The New York Times reports on a new survey showing that the Jeremiah Wright controversy has not affected opinions on Barack Obama overall, although many respondents say the issue could affect their November vote decisions:

A majority of American voters say the furor over the relationship between Senator Barack Obama and his former pastor has not affected their opinion of Mr. Obama, but a substantial number say it could influence voters this fall should he be the Democratic presidential nominee, according to the latest New York Times/CBS News Poll....

The survey, conducted after Mr. Obama held a news conference on Tuesday forcefully renouncing Mr. Wright for making incendiary comments, found most Americans said they approved of the way Mr. Obama had responded to the episode and considered his criticism of Mr. Wright appropriate.

But nearly half of the voters surveyed, and a substantial portion of the Democrats, said Mr. Obama had acted mainly because he thought it would help him politically, rather than because he had serious disagreements with his former pastor. The broader effect of the controversy on Mr. Obama’s candidacy among Democratic primary voters was less clear-cut in the poll, but enough of them expressed some qualms about Mr. Obama’s relationship with the former pastor, Rev. Jeremiah A. Wright Jr., to suggest it could sway a relatively small but potentially important group of voters in the remaining primaries.

The survey was taken in the days leading up to the primaries on Tuesday in North Carolina and Indiana.

The relatively small number of Democrats surveyed limits the conclusions that can be drawn about its findings regarding sentiment within the party. Moreover, as a national poll, it does not necessarily reflect the sentiments of voters in either Indiana or North Carolina.

The issue of Mr. Wright continues to shadow Mr. Obama — he spent the first 18 minutes of his appearance Sunday on NBC’s “Meet the Press” answering questions about it — and thus could be continuing to mold the public’s views of him. And questions involving racially charged episodes have historically proved difficult to poll, particularly when it comes to asking white voters about black candidates.

Still, the survey suggested that Mr. Obama had lost much or all of the once-commanding lead he had over Mrs. Clinton among Democratic voters on the question of which of them would be the strongest candidate against Mr. McCain, the likely Republican nominee.
That's putting it mildly, I would argue.

Obama's going to be "Hortonized" in the fall, by outside 527s, and fairly too. The Wright relationship's raised deep questions of character and judgment surrounding Obama, particulary on issues of courage, integrity, and veracity under fire.
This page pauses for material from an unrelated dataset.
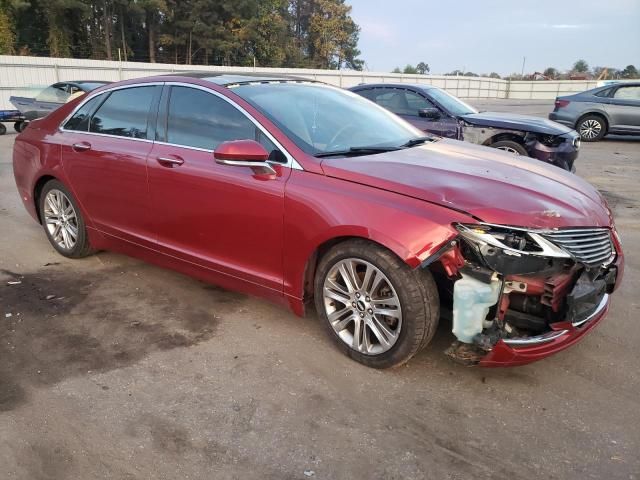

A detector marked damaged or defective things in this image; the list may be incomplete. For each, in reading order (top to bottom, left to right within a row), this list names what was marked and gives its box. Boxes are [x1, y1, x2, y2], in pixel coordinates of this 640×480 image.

Why, though, are voters giving Obama a pass?
Victor David Hanson nails the answer:
I think we have sort of reached an impasse on Rev. Wright. Most Americans, I think, accept the following realties. Obama, by what he wrote in his memoirs, by what he said when he spoke in his early campaign speeches, by his frequent praise of Wright, and by his 20-year presence in front of, and subsidies to, Wright knew exactly the racist and anti-American nature of his odious pastor.

But many also seem to accept that they have invested too much in Obama and have come too far to accept anything that might end his candidacy. (Hence their hysteria over the Wright “smear”.)

In other words, privately they acknowledge:

—that their candidate made a devil’s bargain with a racist to create an authentic black persona in order to jump start a political career in Chicago;

—that their candidate was so inured to de rigueur anti-American speech from his church days, black-liberationist friends, assorted reverends, and former radicals like Ayers, that he never really thought things that Wright said were all that big a deal — hence his deer-in-the-headlights approach to the initial scandal and serial hedging. After all, in Obama’s adopted world, his church really isn’t “particularly controversial;”

—that their Obama messiah is hardly a new politician, but instead a very gifted and charismatic actor, who, in skillful fashion, can talk about utopian politics but then backstep, hedge, and get away with more than anyone since Bill Clinton in his prime in 1992 (one of the reasons that those two dislike each other so is that they are so much alike) — and that is not such a bad thing after all.

So while Obama is hurt in the primaries, and perhaps mortally so in the general election (the white working classes have a long memory), he will probably get the nomination, because his base will overlook all the above: they despise George Bush, will do anything to prevent another Republican in the White House, are tired of the Clintons, and feel Obama offers them symbolic capital, making them liked abroad and free of guilt at home.
That really says it.

For Democratic voters - particulary the
virulent Bush-haters in the base of the party - Obama is the complete antithesis of the Bush/Cheney cabal: a non-white, far-left candidate, likely to recoil from the deployment of millitary force, and certainly geared by upbringing to implement orthodox hard-left policies on race, rights, taxes, and social policy.

I just hope Hanson's white working-class voters stick to their guns, handing an Obama candidacy a defeat of Dukakis-sized proportions.